Dr Martens shares surge on turnaround hopes, outlook.


Shares in UK footwear company Dr Martens surged by more than 20% on Thursday as the firm said it expected 2026 earnings to be in line with guidance and would cut discounts in the Americas and EMEA regions under a turnaround plan led by new boss Ije Nwokorie.

  • Dr. Martens
  • 05 June 2025 18:53:54
Dr Martens

Source: Sharecast

It added that prices would remain unchanged despite the impact of US tariffs as all of its spring/summer stock was in the market, and by the start of July most autumn/winter ranges would have arrived or be in transit.

More than 60% of Dr Martens shoes come from Vietnam, which faces a 46% “reciprocal” tariff from July under US President Donald Trump’s attack on global trade partners.

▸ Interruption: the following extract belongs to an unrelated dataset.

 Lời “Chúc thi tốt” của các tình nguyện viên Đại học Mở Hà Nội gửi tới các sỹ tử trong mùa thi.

“We generate strong product gross margins, which is helpful given that tariffs are charged on cost, not retail price,” the company, which has issued a raft of profit warnings over the past year, said.

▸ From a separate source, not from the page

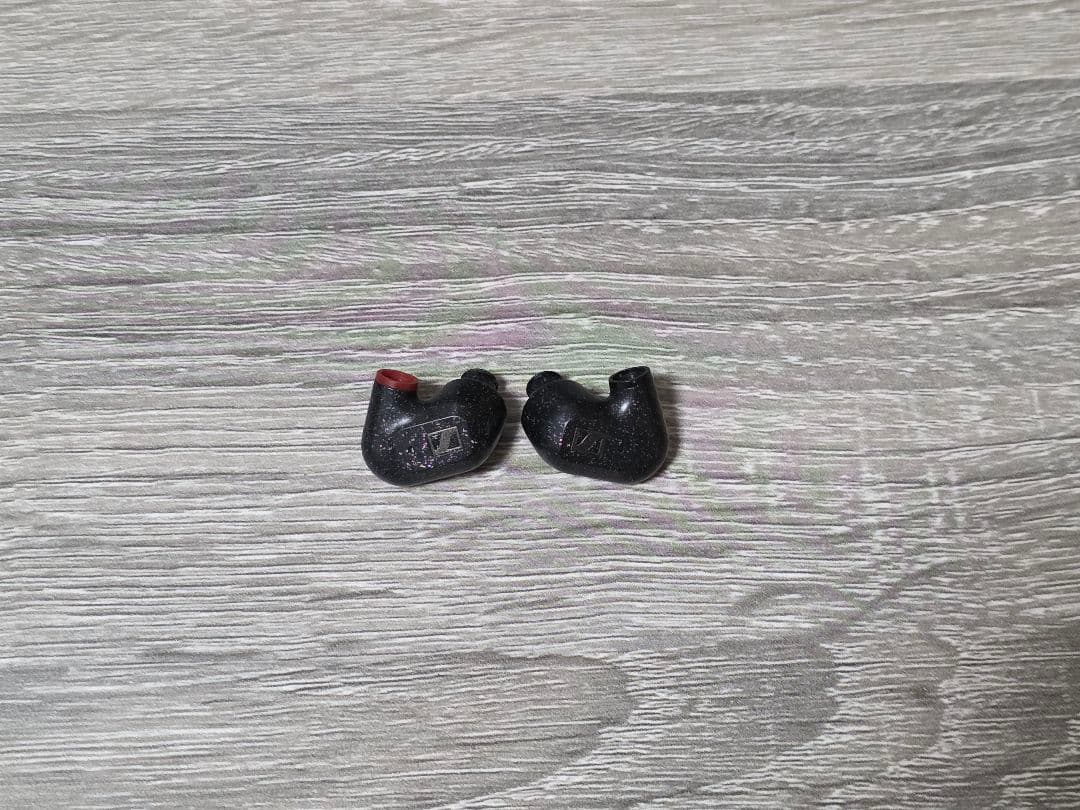 Sennheiser IE 300 有線イヤホン　清掃済み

“We do however recognise that there is continued macroeconomic uncertainty and the full outcome of tariffs is still unknown, and we will monitor this closely through the year and take action as appropriate."

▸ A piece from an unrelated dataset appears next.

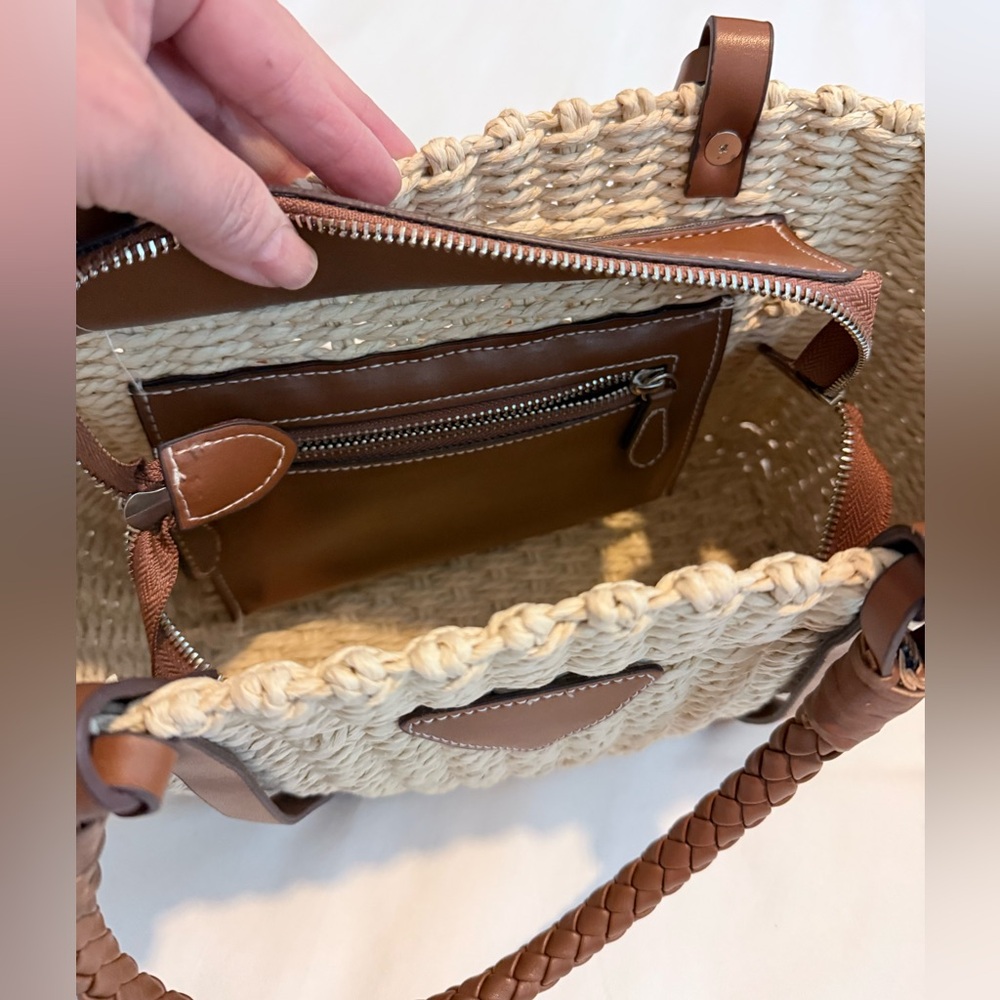 Elegant Tan Woven Tote Bag - Picture 2 of 5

Adjusted pre-tax profit fell to £34.1m from £97.2m, beating analysts' consensus of £30.6m, according to a company-compiled poll. The company is guiding for earnings of £54m to £74m for fiscal 2026.

“We will reduce discounting in Americas and EMEA, across both our own ecommerce channel and through wholesale, with the aim of driving full price sales. We have a positive autumn/winter wholesale order book in EMEA and the USA order book is currently broadly in line with last year, before the benefit of any in-season re-orders,” the iconic bootmaker said.

Pre-tax profit for the year to March fell to £8.8m from £93m as revenue dived 10% to £787.6m against a challenging macroeconomic and consumer backdrop in several of the company’s core markets.

Nwokorie said direct to consumer sales in its key US market had bounced back to growth in the second half of the year, while net debt fell £110.3m to £249.5m, ahead of guidance of £310m to £330m.

However, it added that UK revenues have remained lower since the year-end “due to a challenging market”, while unfavourable foreign exchange rates would see it take a hit to group sales and profits of around £18 m and £3m respectively in 2025-26.

It also expected inventory to be broadly flat year-on-year and plans to open 20 to 25 new stores.